The FSA said Gracechurch, now in liquidation, pressured customers to invest in shares of small companies resulting in multi-million pound losses. It said it would have fined the firm £1.5 million were it not in liquidation.
However the FSA is planning to fine former chief executive Sam Kenny £450,000 and prohibit him from working in financial services.
Kenny has referred the matter to the Upper Tribunal which will determine whether to uphold the FSA’s decision.
The FSA said Kenny personally pressurised clients, misrepresenting material facts, and in his role as chief executive trained and encouraged staff to pressure clients.
The FSA said Gracechurch’s brokers used pressure sales tactics to coerce clients to invest in risky small company stocks, listed on AIM and Plus or not listed at all.
It added the firm misrepresented the financial performance of stocks and brokers ignored requests for further information and protests that clients had no funds to invest. In at least one case a broker claimed that the recommendation was based on inside information, the FSA said.
Between 1 April 2008 and 4 November 2009, Gracechurch advised around 340 clients to buy about £4 million of small company stocks.

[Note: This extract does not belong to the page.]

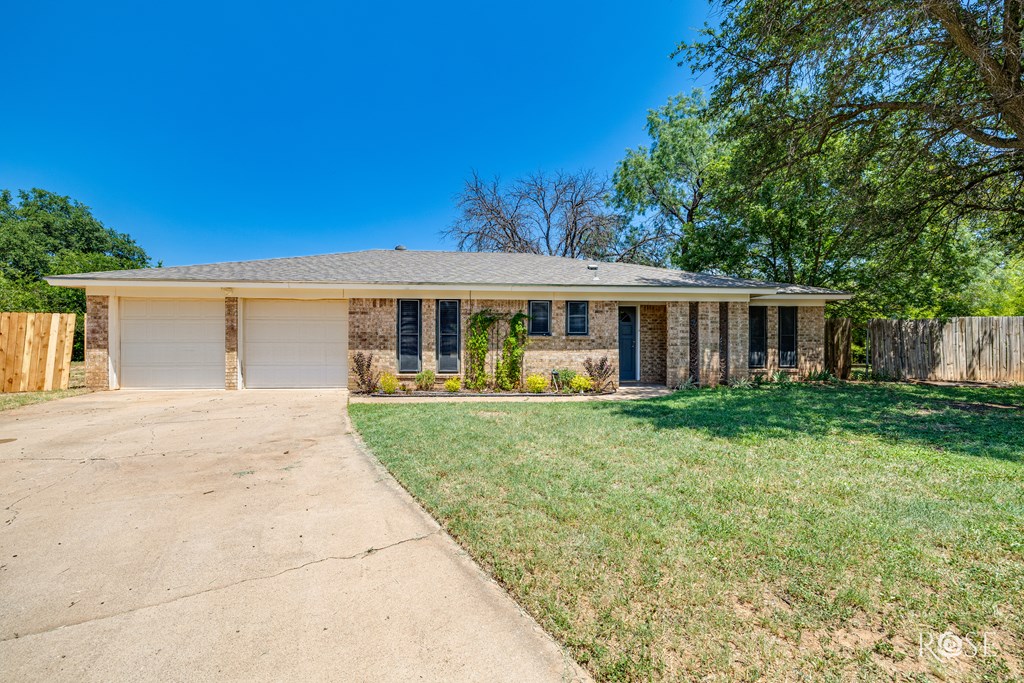 3610 Old Post Court Property Photo 4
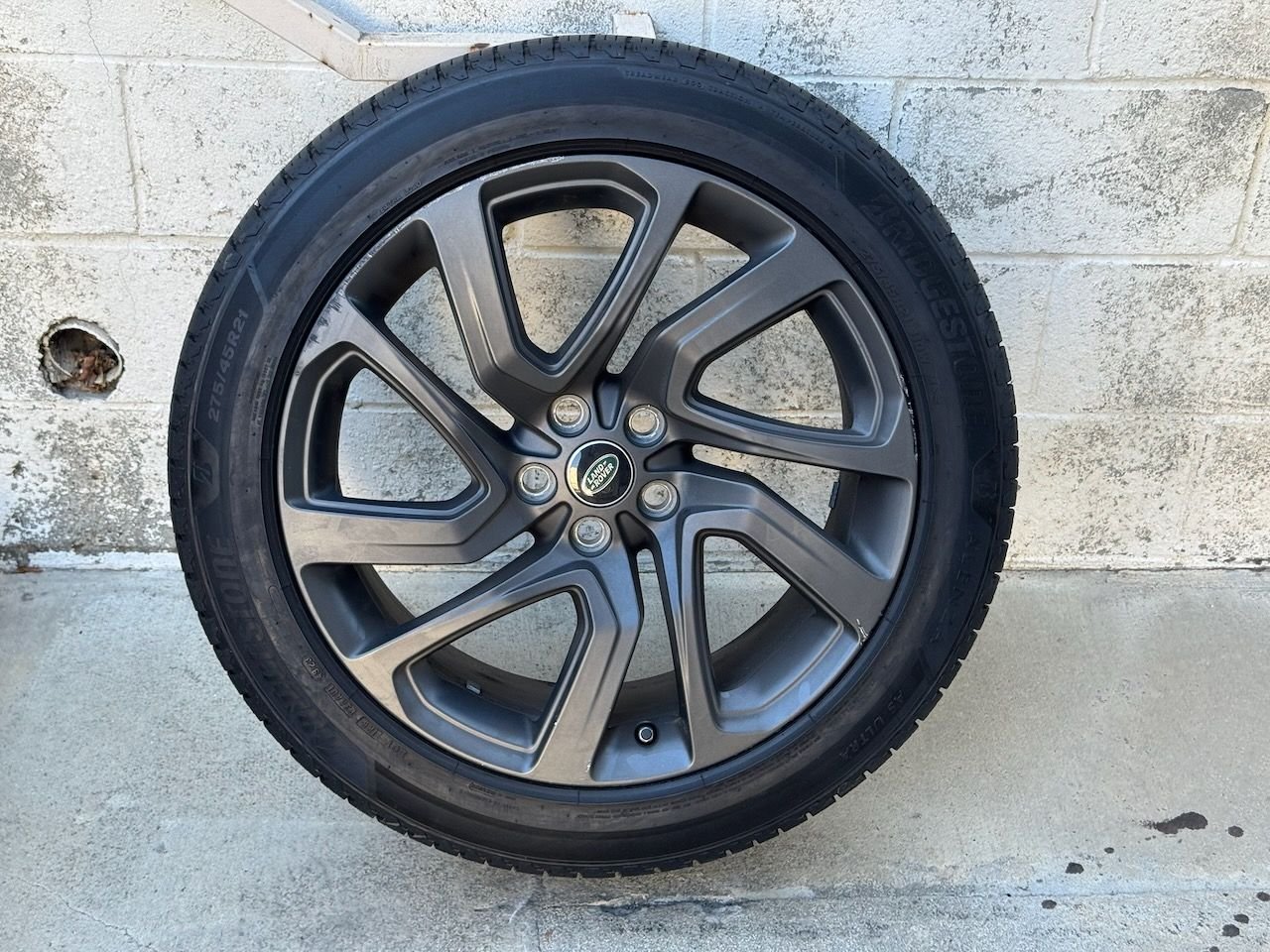 Wheels and Tires/Axles - Five 21" Land Rover Discovery Wheels and Tires - Used - -1 to 2026  All Models - Los Angeles, CA 90029, United States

Clients would have lost 72% of the their investments in eight of the top 10 stocks sold by the firm if they had held the stocks until 12 October 2011.

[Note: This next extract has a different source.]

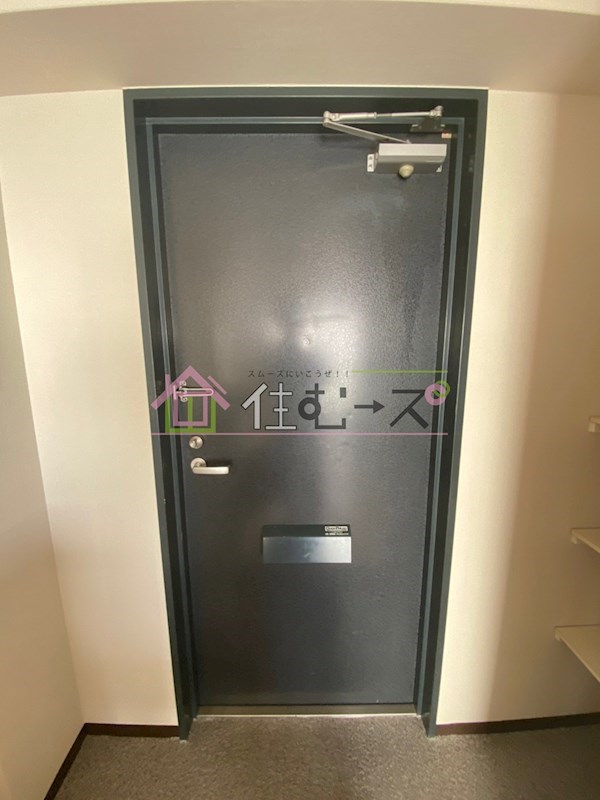 昭和グランドハイツ大淀 玄関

The FSA said the firm also provided the FSA with false dates for internal committee meetings and withheld a recording of a non-compliant advised sales call it requested.
The firm also knowingly employed someone in a senior position who was not approved by the FSA and who was linked to pressure-selling tactics, it said.
The FSA has also prohibited former Gracechurch compliance officer Carl Davey. The FSA would have fined Davey £175,000 if it were not for the serious financial hardship such a fine would cause.
As compliance officer, Davey was involved in the deliberate withholding of the non-compliant advised sales call requested by the FSA, it said.
Tracey McDermott (pictured), director of enforcement and financial crime at the FSA, said: ‘High pressure sales tactics and systematic misrepresentation to clients are wholly unacceptable practices. The FSA will not tolerate firms coercing clients into buying financial products or services that aren’t suitable for them. Senior management of stockbroking firms should be clear that the buck will stop with them.’